Reputation: 2443
To continue on a previous topic: Finding non-missing values between missing values
I would like to also find whether the value before the missing value is smaller, equal to or larger than the one after the missing.

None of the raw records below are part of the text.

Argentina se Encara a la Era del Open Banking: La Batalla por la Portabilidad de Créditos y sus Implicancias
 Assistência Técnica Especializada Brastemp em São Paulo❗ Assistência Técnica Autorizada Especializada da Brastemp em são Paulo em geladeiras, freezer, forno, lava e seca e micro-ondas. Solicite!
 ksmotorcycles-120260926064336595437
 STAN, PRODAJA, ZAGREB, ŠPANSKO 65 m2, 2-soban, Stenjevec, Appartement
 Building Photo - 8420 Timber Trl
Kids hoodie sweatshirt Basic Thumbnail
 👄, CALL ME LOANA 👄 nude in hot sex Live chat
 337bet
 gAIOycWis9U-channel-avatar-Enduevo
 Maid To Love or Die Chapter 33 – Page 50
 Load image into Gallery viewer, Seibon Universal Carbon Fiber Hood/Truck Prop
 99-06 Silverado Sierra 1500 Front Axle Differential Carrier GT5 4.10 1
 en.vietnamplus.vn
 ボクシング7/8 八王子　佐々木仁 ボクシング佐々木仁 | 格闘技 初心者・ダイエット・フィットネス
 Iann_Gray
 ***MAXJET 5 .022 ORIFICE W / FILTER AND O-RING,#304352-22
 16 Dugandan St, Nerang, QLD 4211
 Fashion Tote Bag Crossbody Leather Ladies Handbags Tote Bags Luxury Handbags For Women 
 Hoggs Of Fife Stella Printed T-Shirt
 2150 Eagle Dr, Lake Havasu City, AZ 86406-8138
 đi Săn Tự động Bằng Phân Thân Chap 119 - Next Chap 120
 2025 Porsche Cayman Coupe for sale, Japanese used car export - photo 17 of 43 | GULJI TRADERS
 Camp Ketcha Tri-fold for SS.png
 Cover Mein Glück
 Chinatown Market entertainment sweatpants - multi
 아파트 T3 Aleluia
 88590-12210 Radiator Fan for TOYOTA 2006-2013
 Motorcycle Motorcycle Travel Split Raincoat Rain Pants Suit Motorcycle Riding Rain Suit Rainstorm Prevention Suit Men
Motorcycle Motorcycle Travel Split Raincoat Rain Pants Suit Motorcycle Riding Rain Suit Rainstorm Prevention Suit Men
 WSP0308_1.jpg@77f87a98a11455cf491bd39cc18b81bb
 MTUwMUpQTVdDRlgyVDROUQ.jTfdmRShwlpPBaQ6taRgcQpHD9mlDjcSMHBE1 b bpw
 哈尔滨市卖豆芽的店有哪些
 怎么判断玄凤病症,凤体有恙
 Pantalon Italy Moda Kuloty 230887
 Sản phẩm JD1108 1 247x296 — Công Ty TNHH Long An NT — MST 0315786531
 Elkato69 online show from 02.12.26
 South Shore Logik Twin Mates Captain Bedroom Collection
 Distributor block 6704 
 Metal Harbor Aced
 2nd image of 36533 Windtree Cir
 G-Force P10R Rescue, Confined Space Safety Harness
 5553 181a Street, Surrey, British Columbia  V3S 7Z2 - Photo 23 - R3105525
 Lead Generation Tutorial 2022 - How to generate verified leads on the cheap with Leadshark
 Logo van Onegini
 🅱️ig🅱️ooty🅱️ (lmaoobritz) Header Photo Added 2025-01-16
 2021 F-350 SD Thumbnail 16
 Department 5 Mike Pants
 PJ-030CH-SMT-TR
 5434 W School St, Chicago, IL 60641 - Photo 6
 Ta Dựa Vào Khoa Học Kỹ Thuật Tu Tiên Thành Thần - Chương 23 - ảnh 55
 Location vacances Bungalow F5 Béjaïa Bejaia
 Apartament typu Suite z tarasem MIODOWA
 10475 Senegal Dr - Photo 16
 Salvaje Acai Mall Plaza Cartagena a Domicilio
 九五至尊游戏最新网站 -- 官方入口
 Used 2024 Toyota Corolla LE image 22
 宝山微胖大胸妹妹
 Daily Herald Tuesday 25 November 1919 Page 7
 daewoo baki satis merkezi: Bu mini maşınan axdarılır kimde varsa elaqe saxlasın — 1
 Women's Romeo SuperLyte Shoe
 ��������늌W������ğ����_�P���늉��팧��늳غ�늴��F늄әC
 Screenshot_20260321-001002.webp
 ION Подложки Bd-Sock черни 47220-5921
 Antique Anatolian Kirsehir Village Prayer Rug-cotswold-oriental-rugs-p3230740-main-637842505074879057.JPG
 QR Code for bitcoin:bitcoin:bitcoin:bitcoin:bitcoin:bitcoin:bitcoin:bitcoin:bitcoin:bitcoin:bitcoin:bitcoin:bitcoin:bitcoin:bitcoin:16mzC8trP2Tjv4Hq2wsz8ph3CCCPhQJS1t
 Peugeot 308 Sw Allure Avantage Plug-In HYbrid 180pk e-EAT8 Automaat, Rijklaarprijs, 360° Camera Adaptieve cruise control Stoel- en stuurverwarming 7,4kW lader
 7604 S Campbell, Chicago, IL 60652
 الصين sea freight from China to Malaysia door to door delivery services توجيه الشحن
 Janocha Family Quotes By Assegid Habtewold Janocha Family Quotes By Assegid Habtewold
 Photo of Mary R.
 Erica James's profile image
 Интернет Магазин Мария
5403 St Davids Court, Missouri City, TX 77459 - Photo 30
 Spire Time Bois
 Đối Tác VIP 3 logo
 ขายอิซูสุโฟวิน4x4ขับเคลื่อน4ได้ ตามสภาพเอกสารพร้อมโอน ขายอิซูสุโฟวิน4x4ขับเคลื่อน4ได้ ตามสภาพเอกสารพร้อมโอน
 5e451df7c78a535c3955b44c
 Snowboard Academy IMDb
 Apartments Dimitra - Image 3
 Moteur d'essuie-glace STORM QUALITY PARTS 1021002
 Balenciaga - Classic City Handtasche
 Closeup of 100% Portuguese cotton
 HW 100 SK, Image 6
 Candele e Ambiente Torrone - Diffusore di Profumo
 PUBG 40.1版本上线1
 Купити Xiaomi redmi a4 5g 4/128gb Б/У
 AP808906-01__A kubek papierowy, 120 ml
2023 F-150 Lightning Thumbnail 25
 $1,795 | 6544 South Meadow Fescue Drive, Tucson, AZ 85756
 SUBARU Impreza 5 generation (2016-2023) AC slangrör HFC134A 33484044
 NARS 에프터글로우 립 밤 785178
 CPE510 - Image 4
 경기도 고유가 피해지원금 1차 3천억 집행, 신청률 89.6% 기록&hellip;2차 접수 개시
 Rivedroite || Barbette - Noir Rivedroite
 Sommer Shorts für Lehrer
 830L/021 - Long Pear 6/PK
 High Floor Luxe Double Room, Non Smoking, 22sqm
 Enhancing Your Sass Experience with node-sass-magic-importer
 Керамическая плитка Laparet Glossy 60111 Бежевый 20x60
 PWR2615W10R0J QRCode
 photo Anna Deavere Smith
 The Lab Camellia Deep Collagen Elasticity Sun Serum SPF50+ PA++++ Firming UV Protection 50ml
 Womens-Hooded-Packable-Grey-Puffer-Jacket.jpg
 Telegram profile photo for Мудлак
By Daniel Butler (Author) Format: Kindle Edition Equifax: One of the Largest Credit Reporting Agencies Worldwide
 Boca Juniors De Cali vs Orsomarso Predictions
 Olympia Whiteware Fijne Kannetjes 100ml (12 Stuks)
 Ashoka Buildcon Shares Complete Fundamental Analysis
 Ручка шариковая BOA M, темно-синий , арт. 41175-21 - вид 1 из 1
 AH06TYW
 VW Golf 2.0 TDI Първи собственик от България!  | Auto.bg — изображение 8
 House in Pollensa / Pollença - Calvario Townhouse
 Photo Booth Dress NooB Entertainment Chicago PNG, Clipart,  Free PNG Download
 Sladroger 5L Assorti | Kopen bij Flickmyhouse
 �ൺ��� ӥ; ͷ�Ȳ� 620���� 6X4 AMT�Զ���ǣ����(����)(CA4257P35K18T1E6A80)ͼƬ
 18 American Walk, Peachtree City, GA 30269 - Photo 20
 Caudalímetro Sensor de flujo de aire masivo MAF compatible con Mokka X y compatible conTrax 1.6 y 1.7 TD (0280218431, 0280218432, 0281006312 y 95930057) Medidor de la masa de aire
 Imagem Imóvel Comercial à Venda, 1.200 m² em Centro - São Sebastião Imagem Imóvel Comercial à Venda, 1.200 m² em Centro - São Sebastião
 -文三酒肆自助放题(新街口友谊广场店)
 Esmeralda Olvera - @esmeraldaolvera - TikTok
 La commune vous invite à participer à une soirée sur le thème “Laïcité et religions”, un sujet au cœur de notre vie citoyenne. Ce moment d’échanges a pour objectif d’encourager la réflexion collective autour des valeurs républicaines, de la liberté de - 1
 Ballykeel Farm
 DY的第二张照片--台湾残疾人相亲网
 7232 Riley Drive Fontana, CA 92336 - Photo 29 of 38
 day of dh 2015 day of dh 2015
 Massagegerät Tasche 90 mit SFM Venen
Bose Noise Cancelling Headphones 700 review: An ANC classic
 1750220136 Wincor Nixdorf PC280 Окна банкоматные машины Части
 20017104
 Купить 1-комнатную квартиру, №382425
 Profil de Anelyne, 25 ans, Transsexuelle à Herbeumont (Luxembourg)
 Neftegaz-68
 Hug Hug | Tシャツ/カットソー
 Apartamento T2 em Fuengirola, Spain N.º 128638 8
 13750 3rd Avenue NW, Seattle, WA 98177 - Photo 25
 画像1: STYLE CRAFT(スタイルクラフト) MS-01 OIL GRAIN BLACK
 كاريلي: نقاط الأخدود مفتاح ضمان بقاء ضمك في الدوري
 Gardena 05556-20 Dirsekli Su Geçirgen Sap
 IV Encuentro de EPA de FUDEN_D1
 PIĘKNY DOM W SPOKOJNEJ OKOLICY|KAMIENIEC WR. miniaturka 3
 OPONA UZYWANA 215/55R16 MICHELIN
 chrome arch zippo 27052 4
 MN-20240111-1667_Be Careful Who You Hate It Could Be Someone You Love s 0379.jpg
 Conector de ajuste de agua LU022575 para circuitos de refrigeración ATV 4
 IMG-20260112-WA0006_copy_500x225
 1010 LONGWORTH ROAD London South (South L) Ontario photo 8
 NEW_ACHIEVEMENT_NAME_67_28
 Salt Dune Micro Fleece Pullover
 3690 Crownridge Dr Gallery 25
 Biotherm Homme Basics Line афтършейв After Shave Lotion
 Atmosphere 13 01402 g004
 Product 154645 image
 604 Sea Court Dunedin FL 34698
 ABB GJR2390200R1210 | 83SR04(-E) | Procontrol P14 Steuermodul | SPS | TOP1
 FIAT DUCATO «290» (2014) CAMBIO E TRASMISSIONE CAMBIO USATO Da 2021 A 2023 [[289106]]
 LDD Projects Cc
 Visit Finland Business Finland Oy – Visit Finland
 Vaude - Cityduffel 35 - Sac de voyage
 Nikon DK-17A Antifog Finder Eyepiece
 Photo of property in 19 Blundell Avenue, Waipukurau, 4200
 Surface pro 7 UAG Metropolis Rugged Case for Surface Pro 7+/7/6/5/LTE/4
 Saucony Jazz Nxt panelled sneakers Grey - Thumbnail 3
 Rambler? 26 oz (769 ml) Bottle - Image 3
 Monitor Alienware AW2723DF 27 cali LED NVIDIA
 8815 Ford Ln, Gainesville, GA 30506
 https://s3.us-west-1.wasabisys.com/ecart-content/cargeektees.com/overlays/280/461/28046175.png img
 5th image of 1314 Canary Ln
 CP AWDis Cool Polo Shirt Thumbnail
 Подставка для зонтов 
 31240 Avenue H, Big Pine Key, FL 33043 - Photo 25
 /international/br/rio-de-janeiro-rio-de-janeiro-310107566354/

To use the same example from before:
df = structure(list(FirstYStage = c(NA, 3.2, 3.1, NA, NA, 2, 1, 3.2,
3.1, 1, 2, 5, 2, NA, NA, NA, NA, 2, 3.1, 1), SecondYStage = c(NA,
3.1, 3.1, NA, NA, 2, 1, 4, 3.1, 1, NA, 5, 3.1, 3.2, 2, 3.1, NA,
2, 3.1, 1), ThirdYStage = c(NA, NA, 3.1, NA, NA, 3.2, 1, 4, NA,
1, NA, NA, 3.2, NA, 2, 3.2, NA, NA, 2, 1), FourthYStage = c(NA,
NA, 3.1, NA, NA, NA, 1, 4, NA, 1, NA, NA, NA, 4, 2, NA, NA, NA,
2, 1), FifthYStage = c(NA, NA, 2, NA, NA, NA, 1, 5, NA, NA, NA,
NA, 3.2, NA, 2, 3.2, NA, NA, 2, 1)), class = c("tbl_df", "tbl",
"data.frame"), row.names = c(NA, -20L))
rows 13, 14 and 16 having non-missing in between missing values. The output this time should be: "same", "larger" and "same" for rows 13, 14, and 16, and say "N/A" for the other rows.
Upvotes: 1
Views: 66
Reputation: 51592
A straight forward approach would be to split, convert to numeric, take the last 2 values and compare with an ifelse
statement, i.e.
sapply(strsplit(do.call(paste, df)[c(13, 14, 16)], 'NA| '), function(i){
v1 <- as.numeric(tail(i[i != ''], 2));
ifelse(v1[1] > v1[2], 'greater',
ifelse(v1[1] == v1[2], 'same', 'smaller'))
})
#[1] "same" "smaller" "same"
NOTE
I took previous answer as a given (do.call(paste, df)[c(13, 14, 16)]
)
A more generic approach (as noted by Ronak, last 2 digits will fail in some cases) would be,
sapply(strsplit(gsub("([[:digit:]])+\\s+[NA]+\\s+([[:digit:]])", '\\1_\\2',
do.call(paste, df)[c(13, 14, 16)]), ' '), function(i) {
v1 <- i[grepl('_', i)];
v2 <- strsplit(v1, '_')[[1]];
ifelse(v2[1] > v2[2], 'greater',
ifelse(v2[1] == v2[2], 'same', 'smaller')) })
#[1] "same" "smaller" "same"
Upvotes: 2